寝室のカラフルなカーテンが、私のお気に入り。

50代で人生初の一人暮らしを始めた頃。
IKEA柄のオーダーメイドカーテンをネットで見つけた時、「わぁ!素敵💓これ欲しい!」と思った。

ところが、真っ先に頭に浮かんだのは母の言葉だった。
「こんな派手なの買って!」
そして躊躇した。

もし、うちに母が泊まりに来たら必ず言うだろうという確信があった。
そして、その言い方も、呆れたような「あんた何考えてんの?」的な言い方であろう事も。

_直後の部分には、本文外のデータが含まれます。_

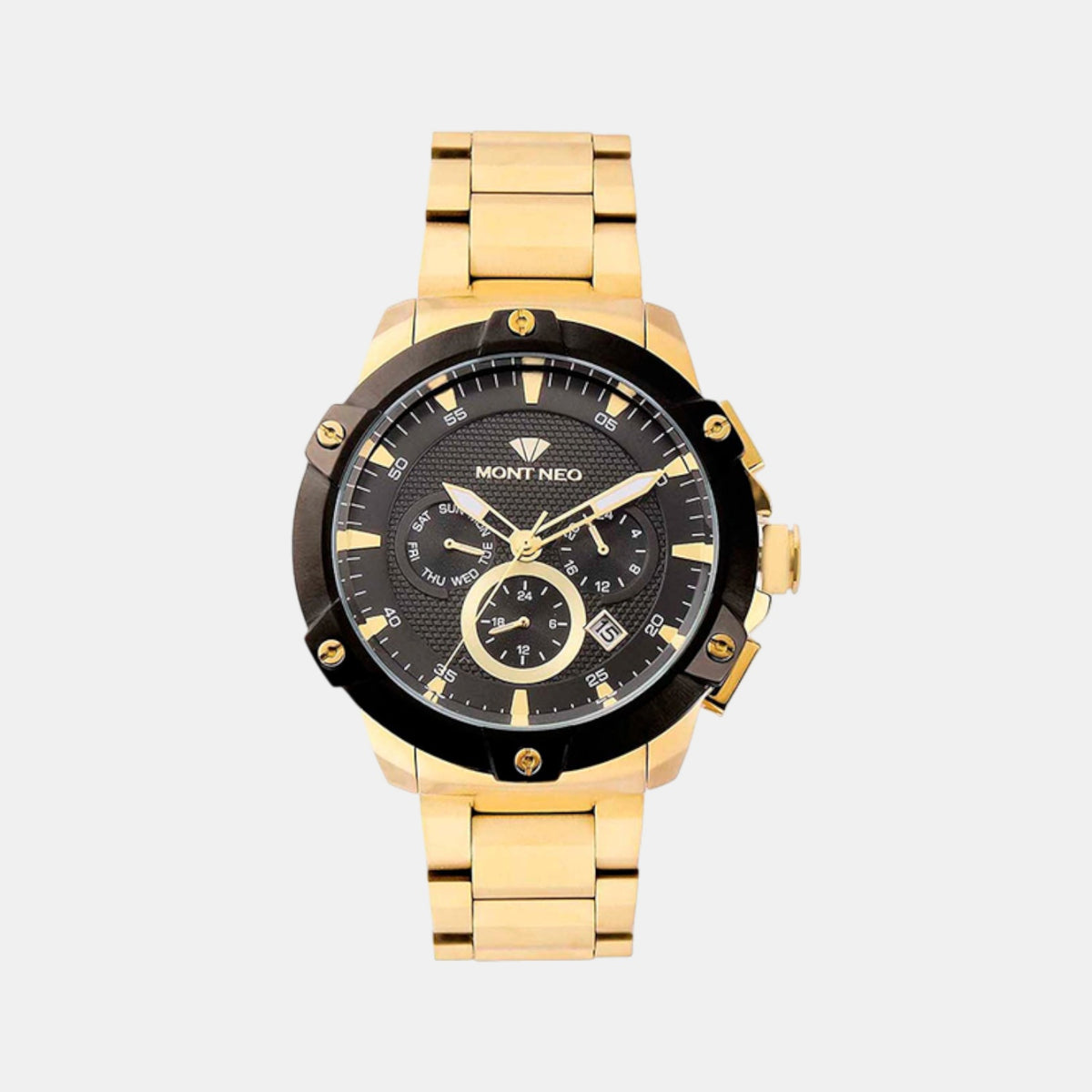 Men Quartz Black Dial Multi-Function Metal Watch 1050M-M2404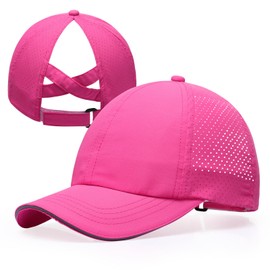 BAOPLAYKIDS Kids Active Ponytail Hat, Ponytail Cap, Girls Baseball Hat with Ponytail Hole Opening, Cute Hats for Girl Ages 7-12 Years Hot Pink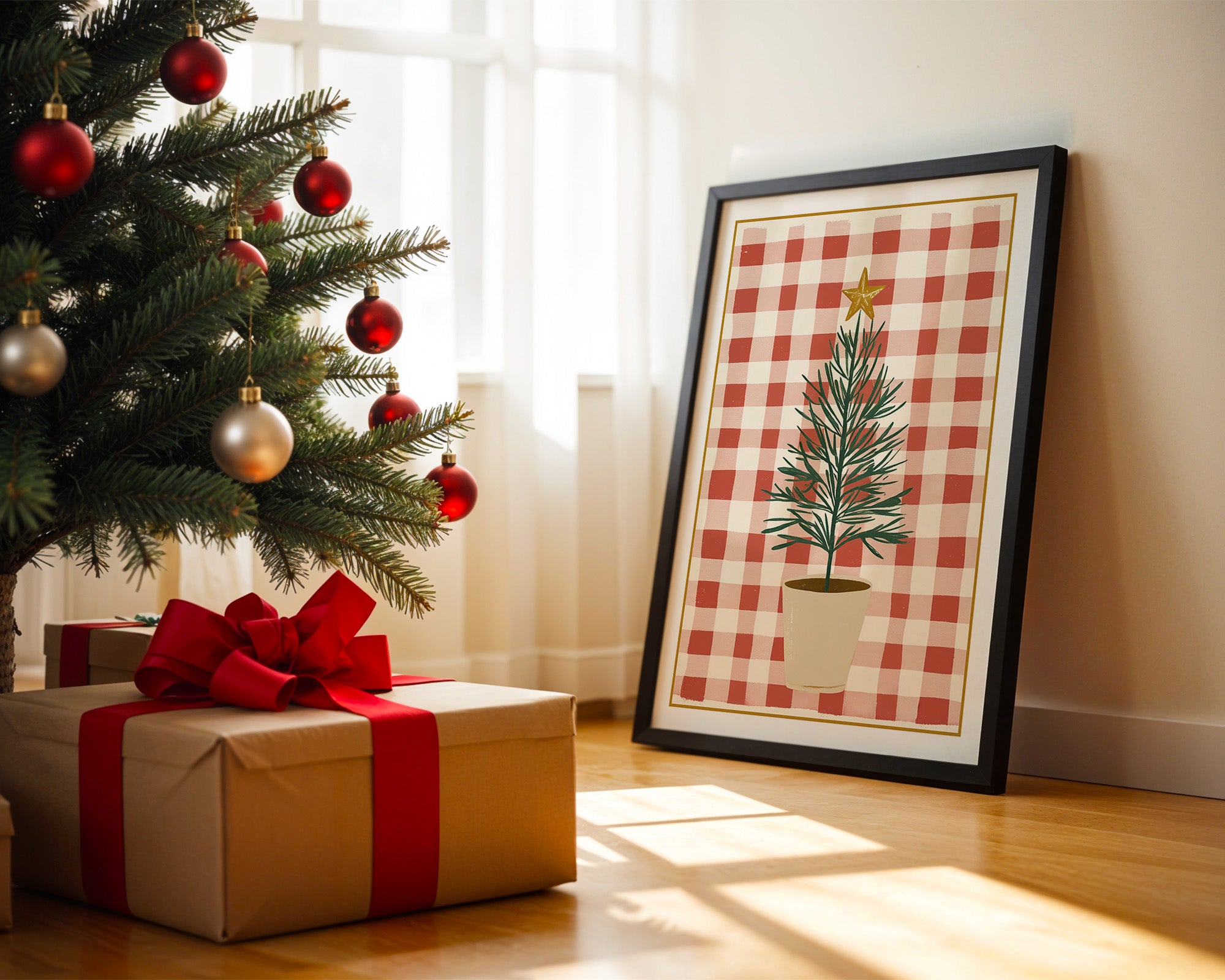 Mini-Tannenbaum Rot-Weiß Karo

その度に私は傷ついて来たし、私のすることにいちいち口出しをする母に対して腹立たしい気持ちになるだろう。

悩んで友人に相談したら「自分が良いと思ったなら迷わず買えば良い」という答えが返って来た。

「そうだよね!!だって、私の部屋だし、誰にも遠慮なんてする必要もない」

意を決してカーテンを注文した。届いた時、一瞬「やっぱ派手だったかなぁ?」って思ったけど、今でも飽きる事なく、私のお気に入りの一つ。

さて、母が来る前に、先手を打っておかなければ。
そんな時私はあらかじめ、母が言いそうな事を先に言ってしまう事にしている。
「母さんは、こんな派手なの買って!って思うかもしれないけど、私は気に入ってるので、言わないでね。」と。

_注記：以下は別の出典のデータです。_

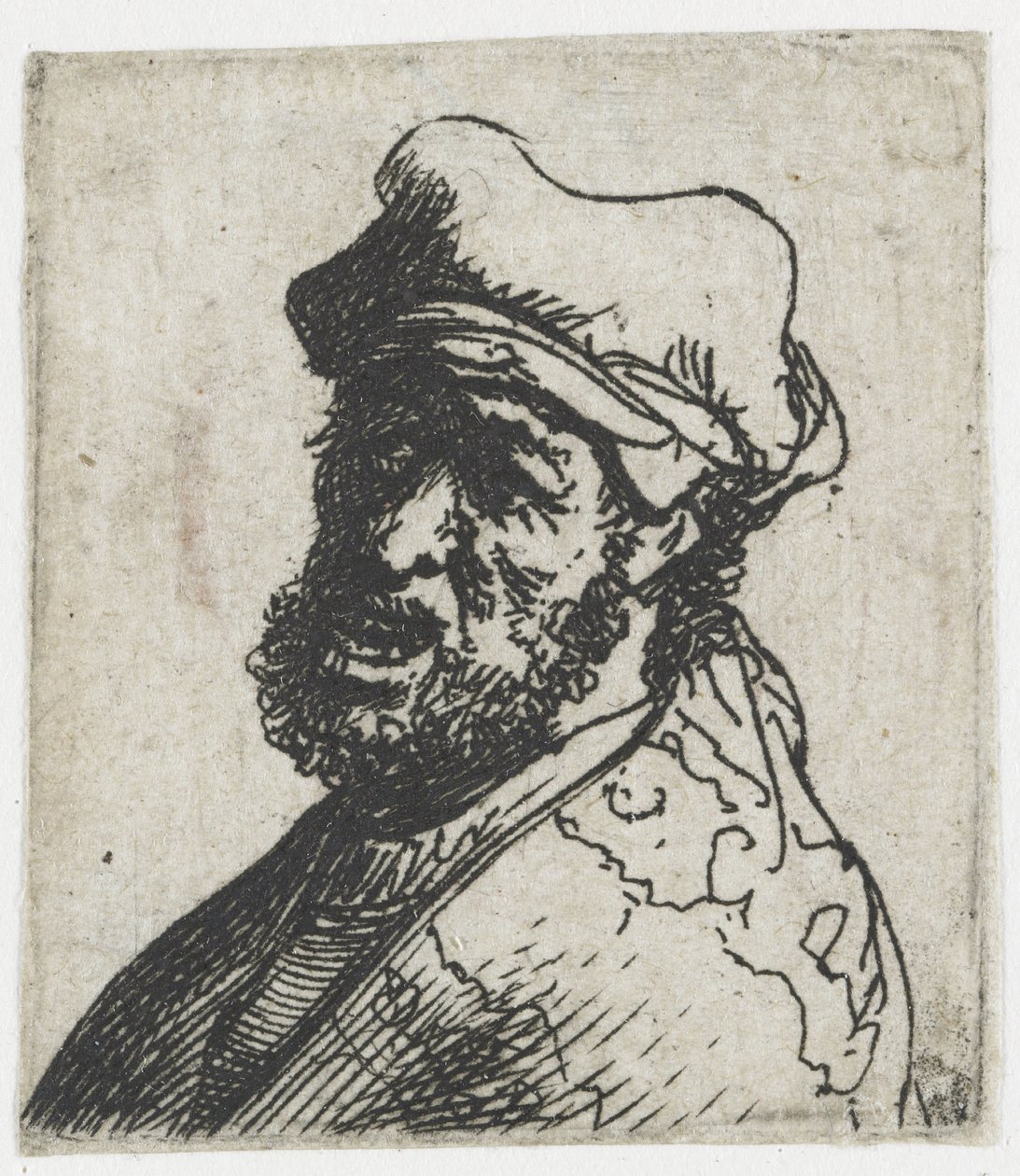 Folha com estudos de cabeças masculinas: homem a gritar, três quartos à esquerda: busto de Rembrandt van Rijn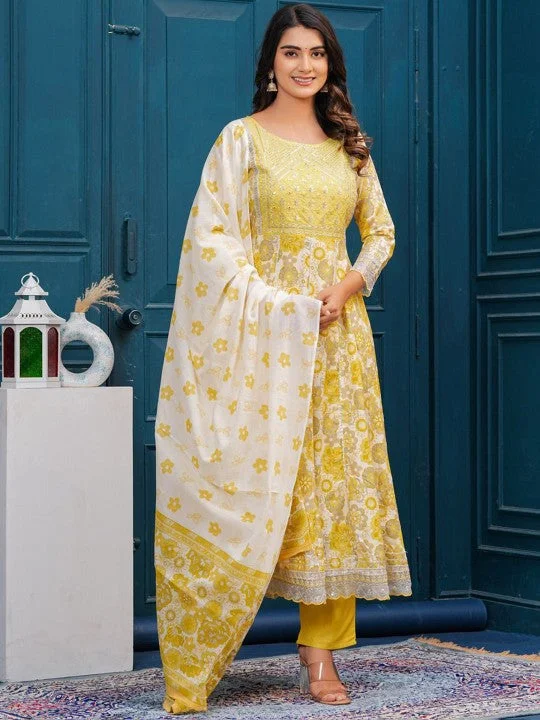 Floral Embroidered Regular Pure Cotton Kurta with Trousers & With Dupatta (Mustard) - Rasiya Trousers Designer Luxury Floral Embroidered Regular Pure Cotton Kurta with Trousers & With Dupatta (Mustard) - Rasiya Trousers Designer Luxury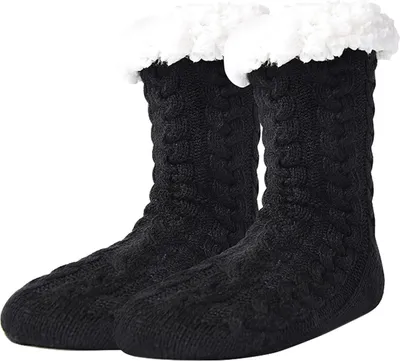 Produktbild von ASKSA Kuschelsocken Damen Herren Dicke Flauschige Socken mit Greifern Weiche Warme Winter Hu?ttensocken Haussocken, Schwarz, Groesse: EU 36-44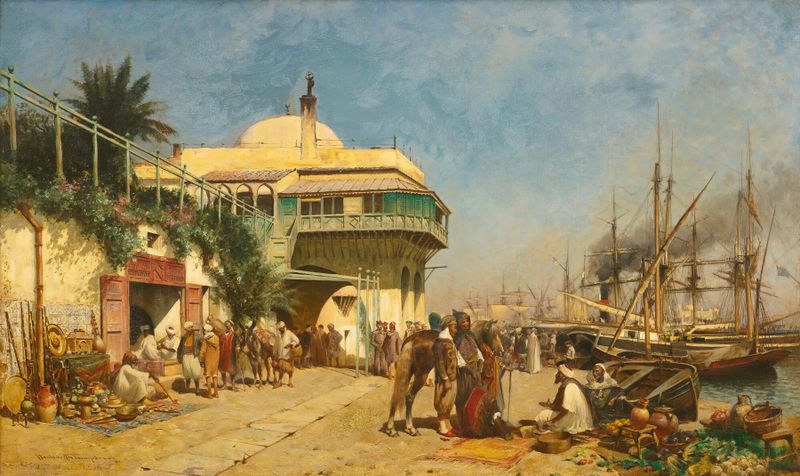 Marine scene depicting The port of Algiers by Alfred Wordsworth Thompson, oil painting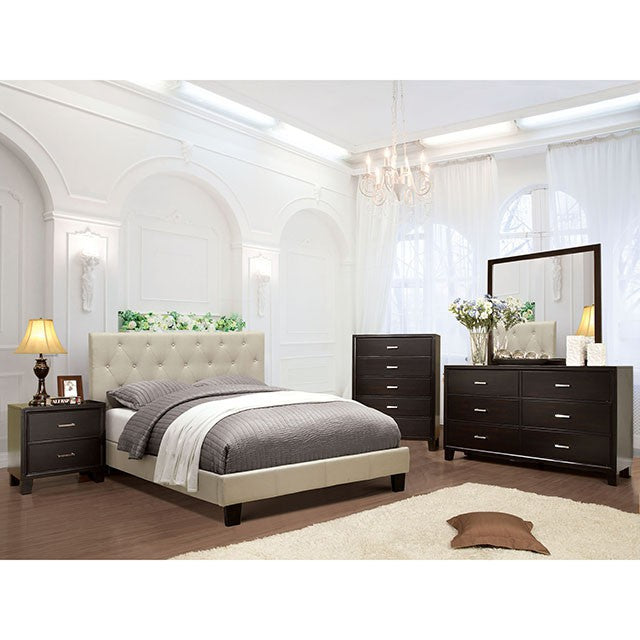 Leeroy Bed Ivory & Brown - U&U Home Budget Furniture (Carteret, NJ)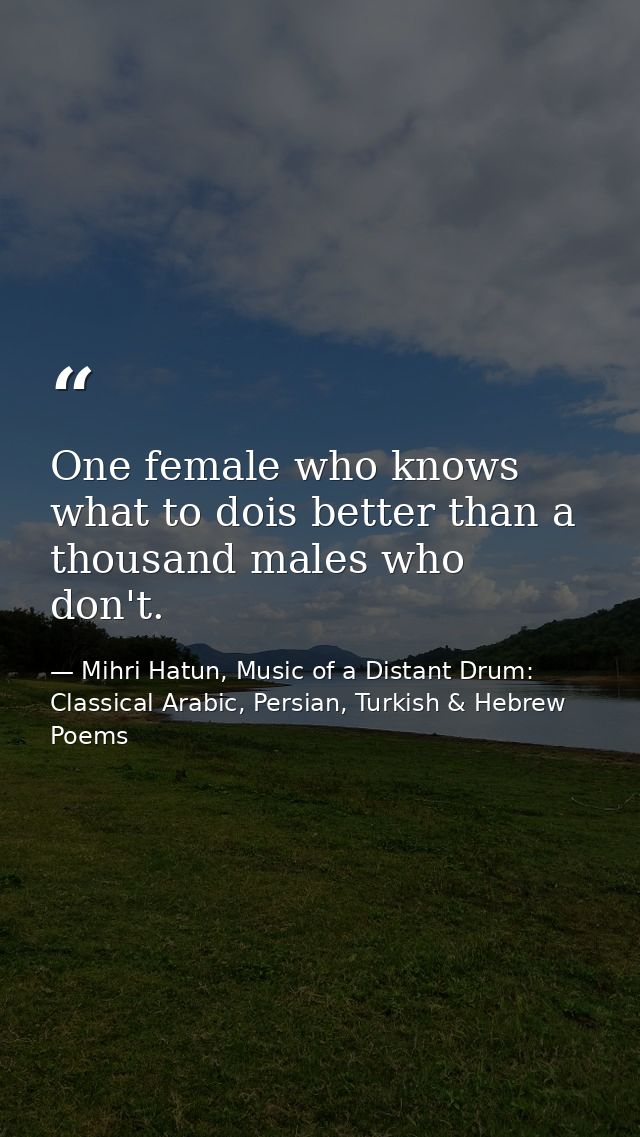 One female who knows what to dois better than a thousand males who don't. — Mihri Hatun, Music of a Distant Drum: Classical Arabic, Persian, Turkish & Hebrew Poems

そうすると、先手を打たれた感じになり、母も「いいじゃない」と言うしかない(笑)
母が天邪鬼な事も計算済みなのだ。

それでも不用意に発言してしまい、母に意地悪を言われて傷つく事も、いまだにある。母は今年81歳。まだまだしっかりしているのはとてもありがたい事だが。

それで、そんな時はもう「母さん、今すごく意地悪な言い方したけど、どうしてそんな意地悪な言い方をするの?私傷ついたんだけど」とはっきり言う事にした。
こんなふうに言えるようになるまで、なんと長い年月を費やした事か。

しかし、本人には全く自覚がないのだ。「そんな意地悪な言い方した?」とびっくりしている。
それで、私は、少し大袈裟に母の言い方、言った時の顔を真似てさしあげるのだ。

いつまでもやられっぱなしではない。

母は躾に厳しかった。そのおかげで、世の中に出た時に、礼儀作法をわきまえた、ちゃんとした大人として生きていけてるので、感謝している。

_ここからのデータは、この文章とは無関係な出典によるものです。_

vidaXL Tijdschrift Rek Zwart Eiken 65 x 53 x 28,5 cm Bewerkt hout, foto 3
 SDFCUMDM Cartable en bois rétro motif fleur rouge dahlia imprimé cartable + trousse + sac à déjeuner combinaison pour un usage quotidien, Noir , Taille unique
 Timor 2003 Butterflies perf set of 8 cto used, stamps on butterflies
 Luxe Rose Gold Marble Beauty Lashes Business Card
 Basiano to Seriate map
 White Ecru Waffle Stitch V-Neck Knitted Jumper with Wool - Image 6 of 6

しかし、その代償として、とても人目を気にするようになってしまった。人からこう思われるんじゃないか?嫌われるんじゃないか?と、かなり自分に自信がなく、人に合わせるようになってしまい、全く自分らしく生きて来られなかった。

カーテン一つとっても、だ。

だけど、今、私はようやく自分らしく生き始めた。言い換えれば、自分の気持ちに素直に耳を傾けて、自分を大切にできるようになってきた。

このカーテンも。この傘も。この布団カバーも。
全て、お気に入り。

一時期、自分が何が好きなのか、どうしたいのかすら、わからなくなってしまった事がある。
そうなると、もう、末期。

仕事を辞めて、良い人でいる事を辞めて、本当の自分、ありのままの自分の声を許し、良い悪いでジャッジせず、そのまま受け止める。

自分を労い、自分に対して、まるで親友のように優しく声かけしてあげ、「そうだよね。悔しいよね。悲しいよね。」と共感してあげる事で、徐々に生きていくのが楽になり、毎日が楽しく過ごせるようになってきた。

ずっと自分らしく生きているようで生きられていなかった私が、徐々に徐々に、薄皮を剥がすように、本来の自分を取り戻して行った。

最近知って驚いたのだが、元々、自分らしく生きていて、「自分らしく生きられないというのがわからない」という人に立て続けに遭遇した。
私は、「絶滅危惧種」と呼んでいる(笑)
そう言う人は本当に幸せだと思う。

世の中の大半の人は、人目を気にしたり、「ねばならない」や「してはいけない」を自分に課してしまい、自分らしく生きられなくて苦しんでいるのではないかと思う。

そんな思いを散々味わって来た私だからこそ、「自分らしく生きて行って良いんだよ」って言い続けたいし、それをまず自分で自分に許して欲しいと思う。